**Data block:**
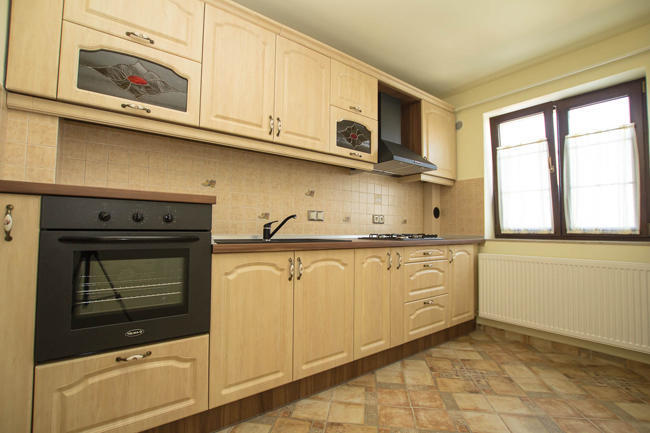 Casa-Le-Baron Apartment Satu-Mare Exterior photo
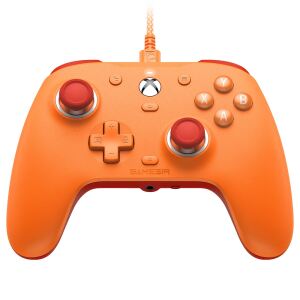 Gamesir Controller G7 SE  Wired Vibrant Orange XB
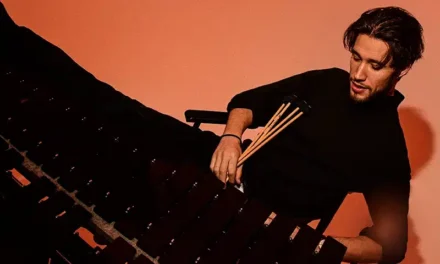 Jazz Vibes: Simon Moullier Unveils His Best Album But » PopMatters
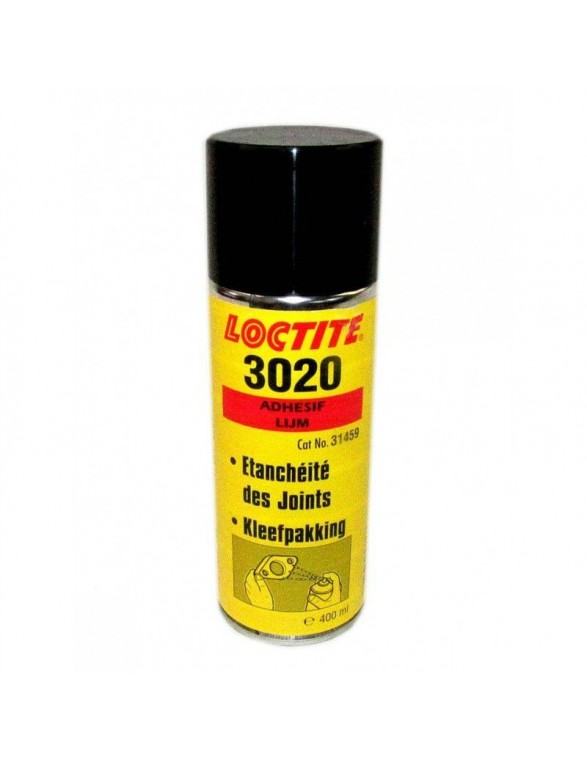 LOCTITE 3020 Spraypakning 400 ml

**Problem:** What you produce should repeat the data word for word while omitting all images.

**Solution:**
 Casa-Le-Baron Apartment Satu-Mare Exterior photo
 Gamesir Controller G7 SE  Wired Vibrant Orange XB
 Jazz Vibes: Simon Moullier Unveils His Best Album But » PopMatters
 LOCTITE 3020 Spraypakning 400 ml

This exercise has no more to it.